Perros, gatos, liebres, canarios, loros, periquitos, cotorras, hámsters, curieles, conejos y pececitos fueron llevados a un lugar de concentración con todas las comodidades, tenían hasta derecho a ser visitados por los dueños, pero a través de unos cristales colocados a más de cincuenta metros de la reja.
Rodomira, muy preocupada, esperó la llegada de sus hijas en busca de consejo.
— ¡Esto es increíble! ¡no he visto cosa igual! ¿Qué opinas Milena?
— No sé... es un asunto grave.
— Hija, creo que tengo la solución... tú que te la pasas como San Antonio, hablando con los pajaritos, preguntando dónde está tu príncipe azul, ¿por qué no le dices que nos ayuden a encontrar la respuesta?

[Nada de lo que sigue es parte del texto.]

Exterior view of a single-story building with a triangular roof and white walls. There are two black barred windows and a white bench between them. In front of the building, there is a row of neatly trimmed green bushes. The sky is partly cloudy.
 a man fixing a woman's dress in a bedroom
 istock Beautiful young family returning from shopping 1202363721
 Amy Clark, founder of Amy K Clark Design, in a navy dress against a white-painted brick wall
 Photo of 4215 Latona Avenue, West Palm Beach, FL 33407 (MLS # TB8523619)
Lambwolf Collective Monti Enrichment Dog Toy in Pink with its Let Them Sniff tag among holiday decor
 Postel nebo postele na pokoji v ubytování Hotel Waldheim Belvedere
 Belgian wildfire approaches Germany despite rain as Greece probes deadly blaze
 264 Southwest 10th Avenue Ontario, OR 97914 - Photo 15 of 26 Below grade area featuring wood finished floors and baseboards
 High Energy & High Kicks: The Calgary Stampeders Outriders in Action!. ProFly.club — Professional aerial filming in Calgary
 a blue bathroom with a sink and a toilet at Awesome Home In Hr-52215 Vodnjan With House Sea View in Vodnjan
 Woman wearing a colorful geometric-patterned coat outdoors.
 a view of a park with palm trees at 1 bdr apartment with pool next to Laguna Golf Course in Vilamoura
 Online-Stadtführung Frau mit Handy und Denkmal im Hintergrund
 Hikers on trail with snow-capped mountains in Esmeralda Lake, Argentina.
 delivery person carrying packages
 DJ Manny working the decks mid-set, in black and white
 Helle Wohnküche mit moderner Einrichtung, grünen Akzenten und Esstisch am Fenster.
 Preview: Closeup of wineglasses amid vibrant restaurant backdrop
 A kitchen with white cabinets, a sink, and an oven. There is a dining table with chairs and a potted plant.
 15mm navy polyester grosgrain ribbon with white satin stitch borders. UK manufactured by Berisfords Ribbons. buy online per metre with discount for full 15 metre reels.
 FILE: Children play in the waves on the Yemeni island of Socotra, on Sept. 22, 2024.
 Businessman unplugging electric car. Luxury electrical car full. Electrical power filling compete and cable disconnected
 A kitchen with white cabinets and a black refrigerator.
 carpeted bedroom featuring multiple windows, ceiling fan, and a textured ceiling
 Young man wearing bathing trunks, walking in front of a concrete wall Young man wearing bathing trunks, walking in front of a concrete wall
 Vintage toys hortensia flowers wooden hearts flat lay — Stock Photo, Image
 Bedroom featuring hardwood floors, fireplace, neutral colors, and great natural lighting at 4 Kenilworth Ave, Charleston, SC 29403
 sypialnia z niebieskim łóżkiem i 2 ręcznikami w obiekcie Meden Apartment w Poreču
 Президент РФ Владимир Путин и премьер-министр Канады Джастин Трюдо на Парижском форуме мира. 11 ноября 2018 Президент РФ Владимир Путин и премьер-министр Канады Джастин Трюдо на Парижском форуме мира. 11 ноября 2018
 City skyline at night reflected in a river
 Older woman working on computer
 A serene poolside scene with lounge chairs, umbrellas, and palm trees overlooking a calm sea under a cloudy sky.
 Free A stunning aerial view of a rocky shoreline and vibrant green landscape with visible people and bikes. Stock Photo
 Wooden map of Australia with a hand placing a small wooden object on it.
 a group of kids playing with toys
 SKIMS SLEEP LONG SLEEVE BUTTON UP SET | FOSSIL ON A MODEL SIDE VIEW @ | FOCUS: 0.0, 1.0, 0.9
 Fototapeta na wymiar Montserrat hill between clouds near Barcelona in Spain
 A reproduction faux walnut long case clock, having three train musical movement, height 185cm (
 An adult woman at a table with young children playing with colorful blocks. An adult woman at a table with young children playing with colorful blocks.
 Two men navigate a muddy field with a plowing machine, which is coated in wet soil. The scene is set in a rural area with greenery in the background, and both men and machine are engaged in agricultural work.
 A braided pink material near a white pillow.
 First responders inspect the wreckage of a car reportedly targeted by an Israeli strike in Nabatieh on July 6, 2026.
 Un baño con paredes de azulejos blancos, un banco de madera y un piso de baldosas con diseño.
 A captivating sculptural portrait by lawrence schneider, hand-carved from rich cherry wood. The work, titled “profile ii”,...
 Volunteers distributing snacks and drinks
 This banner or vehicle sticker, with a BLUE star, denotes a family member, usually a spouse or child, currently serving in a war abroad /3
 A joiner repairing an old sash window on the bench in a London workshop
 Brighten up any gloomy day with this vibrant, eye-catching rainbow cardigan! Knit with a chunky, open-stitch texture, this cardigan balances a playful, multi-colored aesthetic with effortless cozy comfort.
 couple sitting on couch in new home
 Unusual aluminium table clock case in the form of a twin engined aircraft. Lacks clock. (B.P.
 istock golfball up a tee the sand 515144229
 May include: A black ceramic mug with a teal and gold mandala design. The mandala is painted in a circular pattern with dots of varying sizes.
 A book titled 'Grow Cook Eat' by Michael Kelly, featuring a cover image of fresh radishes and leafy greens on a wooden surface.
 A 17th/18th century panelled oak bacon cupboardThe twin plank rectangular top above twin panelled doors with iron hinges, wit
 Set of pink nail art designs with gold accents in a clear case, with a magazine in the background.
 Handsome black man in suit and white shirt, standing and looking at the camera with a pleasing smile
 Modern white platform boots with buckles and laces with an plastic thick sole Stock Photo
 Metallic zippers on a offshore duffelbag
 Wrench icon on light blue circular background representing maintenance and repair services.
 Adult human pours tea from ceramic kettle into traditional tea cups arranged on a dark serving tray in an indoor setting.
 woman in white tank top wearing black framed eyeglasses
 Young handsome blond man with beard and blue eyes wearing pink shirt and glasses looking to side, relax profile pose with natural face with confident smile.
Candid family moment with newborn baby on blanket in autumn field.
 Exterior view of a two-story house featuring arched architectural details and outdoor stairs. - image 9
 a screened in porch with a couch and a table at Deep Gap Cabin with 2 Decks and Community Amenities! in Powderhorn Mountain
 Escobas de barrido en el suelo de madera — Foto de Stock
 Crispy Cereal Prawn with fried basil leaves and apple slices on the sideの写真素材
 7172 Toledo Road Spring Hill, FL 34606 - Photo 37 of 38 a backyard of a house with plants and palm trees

— Sabes, mamá, a veces pienso que estás demente, yo no me comunico con ellos. Solo los trato amablemente, amo la naturaleza, ¿lo sabes?
— Perdona, es que estoy desesperada, ahora que tenía planes de mudarme, nadie querrá venir para acá, con este desastre en el barrio... y a ti, Andrea, ¿no se te ocurre nada?
— Madre, si mi hermanita, la inteligente, no sabe... ¡Yo menos!
El asunto comenzó a traer pánico, muchos abandonaban el lugar con sus mascotas aún sanas, evitando el contagio y que se las llevaran al concentrado. Los reporteros invadieron el lugar y en el periódico “El león de tres patas”, dedicado a las mascotas y sus dueños, se criticaba el trabajo del grupo de apoyo, muy bien equipado con los mejores medios, que había inventado un equipo detector que provocaba un ruido de alarma parecido al cantar de un gallo cada vez que era descubierto un nuevo foco de infección.
Todo este lío hizo que se sensibilizaran muchos en el barrio, los que nunca se habían saludado lo comenzaron hacer, las familias buscaban soluciones y se hacían reuniones, donde Rodomira, lápiz en mano, daba instrucciones. Lo cierto es que la epidemia los unió. Era todo un detalle preguntar por la salud de las mascotas de vecinos y amigos, demostrar amor por el perrito de Alfredo o la gata de La China, un verdadero equipo.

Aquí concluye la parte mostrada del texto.